In the past three weeks we have been to Spain, I have travelled for work, twice, I have had three delegations in Brussels and I was at work dinners on Monday and Tuesday night. On Monday I had a migraine (I should have cancelled, why didn’t I cancel?) but I took two paracetemol and struggled on. Stupid. More particularly since I had the rather alarming experience of not being able to talk. I knew what I wanted to say (“pass the salt”) but couldn’t say it (“pash, the thank you”), it was a little alarming and it made me uncharacteristically silent and probably not the best dining companion for my colleagues.
On Wednesday, Mr. Waffle was travelling for work, so I picked up the boys and herself and brought them all home, fed them dinner which they refused to eat, tucked them into bed (the Princess holding out to 9.00 much to my chagrin), cleared up dinner, swept, put away toys and clothes put on the dishwasher, put on the washing machine, put on the dryer (I know, I’m pushing the climate change doomsday clock all by myself here) and at 10.30 sat down to have a nice cup of tea. Watched some dreadful television and went to bed at 11.30 to polish off the Sunday papers savouring the unusual pleasure of being able to read in bed (I am the owl in our relationship). Overdid the reading in bed and only turned out the lights at 12.20 and gave the boys their first bottle at 12.40. Then all was silent and the house slept.
At 5.30 yesterday morning, I heard the patter of little footsteps. The Princess was wandering round the house hysterically looking for her father. “He’s away” I said. “I want Daddy,” she said at the top of her voice. She was red in the face with tears streaming down her cheeks. Given the combative relationship she and her father usually enjoy in the morning, I can’t imagine why she felt he would welcome this were he, in fact, home but I suppose she was hysterical from lack of sleep. She would not go back to bed and the boys were now roaring for my attention. When I got into their bedroom, they were standing up in their cots chatting loudly to each other across the room (mostly they chat in animal noises – moo, ack ack, I know, baa, neigh). I tried to persuade them back to bed but it was a forlorn hope. There we were, all up to face the day at 5.45. The children, their evil demands granted, were in great form and played quite happily together. I wept bitter exhausted tears in the shower listening to their happy squeals from my bed next door which, as one, they had determined was the best place to burn off their excess early morning energy. I comforted myself with the recollection that the childminder would be coming at 8.00 and, at least, I didn’t have to get the boys dressed and heft them to the crèche. Well, I did until she rang at 6.30 to say that she was sick (for the first time ever) and wouldn’t be able to make it.

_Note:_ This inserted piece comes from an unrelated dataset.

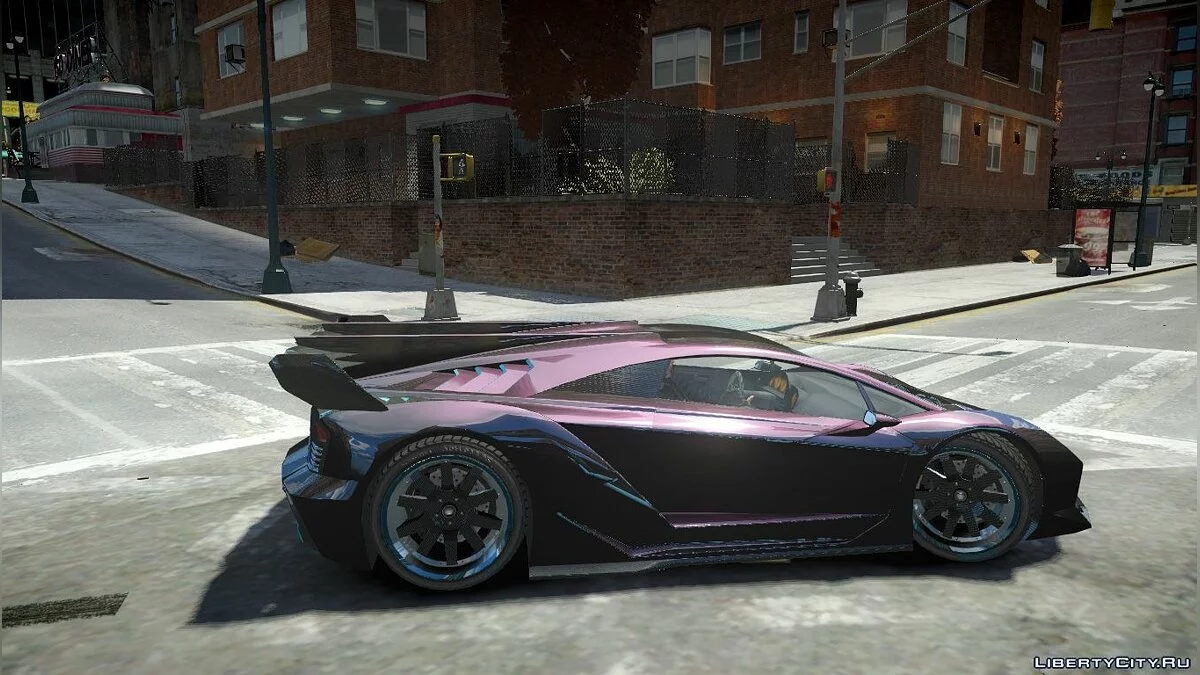 GTA V زينتورنو / جي تي إيه 4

So, we all got dressed and prepared to leave. Just thought I would mention that when I drew the curtains in the Princess’s room they fell down, and when we came to the lift some idiot had left the door open downstairs so I had to walk down 2 flights of stairs with a boy on each hip – 22.5 kilos altogether, since you ask – and their various accessories clamped in my jaws; it was that kind of morning. As well as being the lark in our relationship, Mr. Waffle is also the ant to my extravagant, heedless grasshopper. This is why it is necessary for him to say to me, every Wednesday when I have a half day from work “will you buy some bread this afternoon?” Since he was away, I had not bought bread the previous day and the Princess needed sandwiches. I packed the boys into the buggy and we all went to the bakery on the way to school. It began to dawn on me that though we had been up since 5.30 in the morning we were still going to be late for school which must be something of a record. The Princess was so tired on the way that she bumped into a lamp post and a post box and I had to carry her (15kgs) weeping for much of the journey while pushing the double buggy with my other hand. I delivered her to the relative safety of the classroom, took the boys home and strapped them into the car to go to the crèche. Although we have a childminder three days a week we pay for the crèche five days a week as back up, just in case – alas, we have no relatives in Belgium. Possibly not alas for them. I allowed myself a moment’s smugness somewhat undercut by reflection on the Princess’s very just observation that someone would have to collect her from school, if the childminder was not there. I contemplated leaving her in the after school “garderie” but knew that she would be horrified so, dutifully, rang around babysitters until I found one available to collect her.
Finally got into the office at 9.45, bright eyed and bushy tailed and more than ready to do a full and productive day’s work. Ahem. Is it any wonder that I decided that I’d better take today off.